*How to complete this task*:
Transcribe exactly the span of lines that begins the records and ends with the line holding "Photo 4 VIN: JM1BL1SG6A1154188", both boundary lines included.

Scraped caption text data
------------

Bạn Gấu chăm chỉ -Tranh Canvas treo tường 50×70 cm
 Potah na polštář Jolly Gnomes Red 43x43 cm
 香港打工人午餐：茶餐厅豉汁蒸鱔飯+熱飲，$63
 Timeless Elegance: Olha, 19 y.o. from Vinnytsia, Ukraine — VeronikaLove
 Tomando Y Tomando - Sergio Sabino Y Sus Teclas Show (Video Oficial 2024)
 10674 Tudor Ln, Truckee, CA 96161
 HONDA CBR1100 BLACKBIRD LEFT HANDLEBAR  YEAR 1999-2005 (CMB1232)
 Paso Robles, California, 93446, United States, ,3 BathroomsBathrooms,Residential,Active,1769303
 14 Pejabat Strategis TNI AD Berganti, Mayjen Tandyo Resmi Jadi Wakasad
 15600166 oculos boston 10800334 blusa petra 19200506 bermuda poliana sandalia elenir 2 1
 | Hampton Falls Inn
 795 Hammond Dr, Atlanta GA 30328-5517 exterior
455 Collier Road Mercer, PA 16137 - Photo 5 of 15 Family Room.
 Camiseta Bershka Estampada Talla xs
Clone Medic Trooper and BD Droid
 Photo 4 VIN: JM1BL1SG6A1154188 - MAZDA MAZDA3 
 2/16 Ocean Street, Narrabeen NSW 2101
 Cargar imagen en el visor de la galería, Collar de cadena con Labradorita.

------------

*Exercise result*:
Bạn Gấu chăm chỉ -Tranh Canvas treo tường 50×70 cm
 Potah na polštář Jolly Gnomes Red 43x43 cm
 香港打工人午餐：茶餐厅豉汁蒸鱔飯+熱飲，$63
 Timeless Elegance: Olha, 19 y.o. from Vinnytsia, Ukraine — VeronikaLove
 Tomando Y Tomando - Sergio Sabino Y Sus Teclas Show (Video Oficial 2024)
 10674 Tudor Ln, Truckee, CA 96161
 HONDA CBR1100 BLACKBIRD LEFT HANDLEBAR  YEAR 1999-2005 (CMB1232)
 Paso Robles, California, 93446, United States, ,3 BathroomsBathrooms,Residential,Active,1769303
 14 Pejabat Strategis TNI AD Berganti, Mayjen Tandyo Resmi Jadi Wakasad
 15600166 oculos boston 10800334 blusa petra 19200506 bermuda poliana sandalia elenir 2 1
 | Hampton Falls Inn
 795 Hammond Dr, Atlanta GA 30328-5517 exterior
455 Collier Road Mercer, PA 16137 - Photo 5 of 15 Family Room.
 Camiseta Bershka Estampada Talla xs
Clone Medic Trooper and BD Droid
 Photo 4 VIN: JM1BL1SG6A1154188 - MAZDA MAZDA3 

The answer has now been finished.